Given that you have a unique number for each vector (or tweet), You now want to create a hash table. You need a hash table, so that given a hash_id, you can quickly look up the corresponding vectors. This allows you to reduce your search by a significant amount of time.

We have given you the `make_hash_table` function, which maps the tweet vectors to a bucket and stores the vector there. It returns the `hash_table` and the `id_table`. The `id_table` allows you know which vector in a certain bucket corresponds to what tweet.

In [None]:
def make_hash_table(vecs, planes):
    """
    Input:
        - vecs: list of vectors to be hashed.
        - planes: the matrix of planes in a single "universe", with shape (embedding dimensions, number of planes).
    Output:
        - hash_table: dictionary - keys are hashes, values are lists of vectors (hash buckets)
        - id_table: dictionary - keys are hashes, values are list of vectors id's
                            (it's used to know which tweet corresponds to the hashed vector)
    """

    # number of planes is the number of columns in the planes matrix
    num_of_planes = planes.shape[1]

    # number of buckets is 2^(number of planes)
    num_buckets = np.power(2, num_of_planes)
    
    # create the hash table as a dictionary.
    # Keys are integers (0,1,2.. number of buckets)
    # Values are empty lists
    hash_table = {key: [] for key in range(num_buckets)}

    # create the id table as a dictionary.
    # Keys are integers (0,1,2... number of buckets)
    # Values are empty lists
    id_table = {key: [] for key in range(num_buckets)}

    # for each vector in 'vecs'
    for i, v in enumerate(vecs):
        # calculate the hash value for the vector
        h = hash_value_of_vector(v, planes)

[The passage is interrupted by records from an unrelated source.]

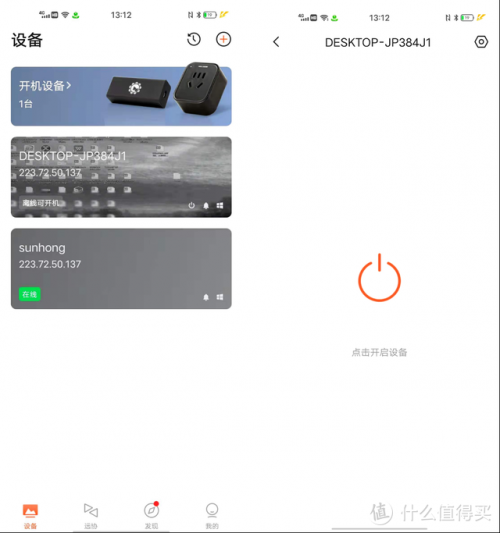 探索向日葵app官方网站，轻松进入人口界面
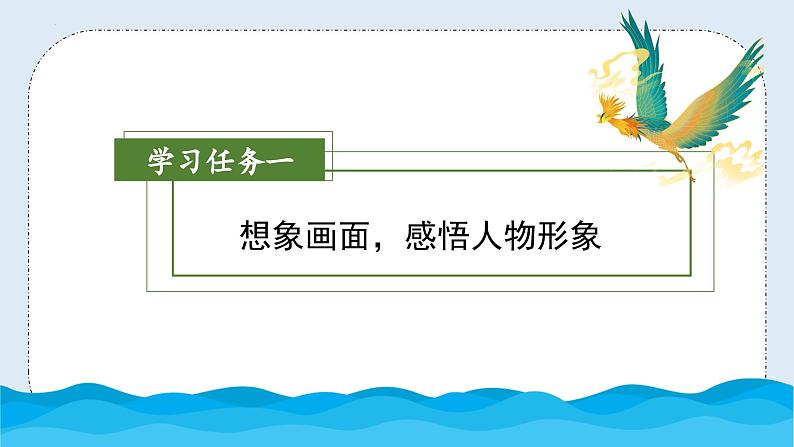 部编版语文四年级上册 第13课《精卫填海》（第二课时）（教学课件）第2页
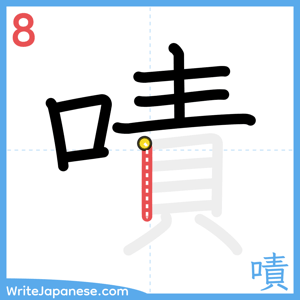 How to write "嘖" - stroke 8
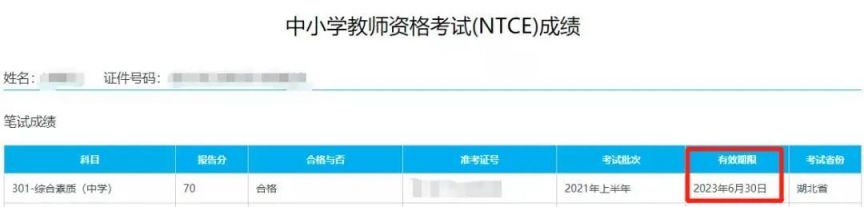 教资笔试成绩有效期怎么查？（附入口）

        # store the vector into hash_table at key h,
        # by appending the vector v to the list at key h
        hash_table[h].append(v)

        # store the vector's index 'i' (each document is given a unique integer 0,1,2...)
        # the key is the h, and the 'i' is appended to the list at key h
        id_table[h].append(i)

    return hash_table, id_table

In [None]:
planes = planes_l[0]  # get one 'universe' of planes to test the function
vec = normalize(np.random.normal(size=(1, N_DIMS)), axis=1, norm='l2')
tmp_hash_table, tmp_id_table = make_hash_table(train_data, planes)

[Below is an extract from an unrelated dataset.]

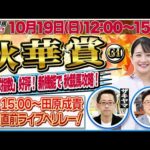 【東スポ競馬ライブ】「秋華賞2025」強い馬がひと目で分かる東スポ指数！ [解説：三嶋まりえ記者] 10/19(日)12:00～15:00 田原配信へリレー！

print(f"The hash table at key 0 has {len(tmp_hash_table[0])} document vectors")
print(f"The id table at key 0 has {len(tmp_id_table[0])}")
print(f"The first 5 document indices stored at key 0 of are {tmp_id_table[0][0:5]}")

In [None]:
# Creating the hashtables
hash_tables = []
id_tables = []
for universe_id in range(N_UNIVERSES):  # there are 25 hashes
    print('working on hash universe #:', universe_id)
    planes = planes_l[universe_id]
    hash_table, id_table = make_hash_table(train_data, planes)
    hash_tables.append(hash_table)
    id_tables.append(id_table)

## Approximate K-NN

Implement approximate K nearest neighbors using locality sensitive hashing,
to search for documents that are similar to a given document at the
index `doc_id`.

###### Inputs
* `doc_id` is the index into the document list `all_tweets`.
* `v` is the document vector for the tweet in `all_tweets` at index `doc_id`.
* `planes_l` is the list of planes (the global variable created earlier).
* `k` is the number of nearest neighbors to search for.
* `num_universes_to_use`: to save time, we can use fewer than the total
number of available universes.  By default, it's set to `N_UNIVERSES`,
which is $25$ for this assignment.

The `approximate_knn` function finds a subset of candidate vectors that
are in the same "hash bucket" as the input vector 'v'.  Then it performs
the usual k-nearest neighbors search on this subset (instead of searching
through all 10,000 tweets).

In [None]:
def cosine_similarity(u, v):
    return np.dot(u,v)/(np.linalg.norm(u)*np.linalg.norm(v))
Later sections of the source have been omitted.